Ein Hauptgrund für die überfüllten Container sei aber, dass man der Altkleidermassen kaum mehr Herr werde. Billigketten brächten bis zu 27 Kollektionen im Jahr auf den Markt. Da wird gekauft und wieder aussortiert - "fast fashion" nennt man das in der Branche. Die Entsorgung im Container mag das Gewissen beruhigen, mit der Kleiderspende wenigstens Gutes zu tun. Doch ein Großteil der Klamotten sei von minderwertiger Qualität und lasse sich nicht so gut weiterverwerten, sagt Diercksen. Es gebe ein hohes Warenaufkommen, ohne dass dabei mehr Geld verdient werde. Vor einigen Jahren sei eine Tonne Altkleider 400 bis 500 Euro wert gewesen, heute seien es noch rund 260 Euro. Nur wirklich hochwertige Ware - Markenkleidung - lasse sich optimal verwerten, also weiterverkaufen. Diese mache aber nur acht bis neun Prozent der verwertbaren Kleidung aus. Und verwertbar ist nur etwa die Hälfte der im Container entsorgen Altkleider. Der Rest wird zu Putzlappen (20 Prozent), Füll- und Dämmstoffen (20 Prozent) oder Ersatzbrennstoffen (sechs Prozent) - und manches landet auch im Müll (vier Prozent). Ein Großteil der Second-Hand-Ware wird auf den Märkten der Welt verkauft, unter anderem in Afrika und Osteuropa. In Deutschland fällt laut Diercksen jährlich eine Million Tonnen Altkleider an. Das sei sehr viel mehr als der heimische Markt an Bedarf hat. So kommt die Ware nach Übersee und hat bis dahin schon etliche Stationen hinter sich: Eine entsorgte Gräfelfinger Hose wird nach Leerung der Container zwischengelagert und per Spedition in die Sortierbetriebe gebracht - FWS unterhält Standorte in Holland, Belgien und drei in Deutschland. Wo die Hose sortiert wird, steuert FWS "bedarfsgerecht", wie es heißt, von Bremen aus. Hat das Kleidungsstück dann schließlich einen Käufer gefunden, kommen die Malteser ins Spiel: Sie erhalten fünf Prozent vom Gewinn, der in einer Tonne Altkleider steckt, sagt Krill. Das Geld fließe in die sozialen Dienste wie den Kinderhospizdienst oder die Demenzarbeit.
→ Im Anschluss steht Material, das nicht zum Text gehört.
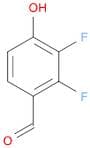 2,3-Difluoro-4-hydroxybenzaldehyde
Das Thema kam im Gräfelfinger Hauptausschuss auf, weil Gemeinderätin Frauke Schwaiblmair (Grüne) wissen wollte, ob es in Gräfelfing genug Container gebe und wie die Ware verwertet werde. Die Bürgermeisterin machte klar, dass mehr Container aufzustellen, um die Klamottenflut aufzufangen, für sie keine Lösung sei. Sie kritisierte gegenüber der SZ die Mentalität, Garderobe wie Einwegware zu behandeln. Am liebsten würde sie die Anzahl der Container in der Kommune reduzieren und die verbleibenden auf wenige Standorte beschränken.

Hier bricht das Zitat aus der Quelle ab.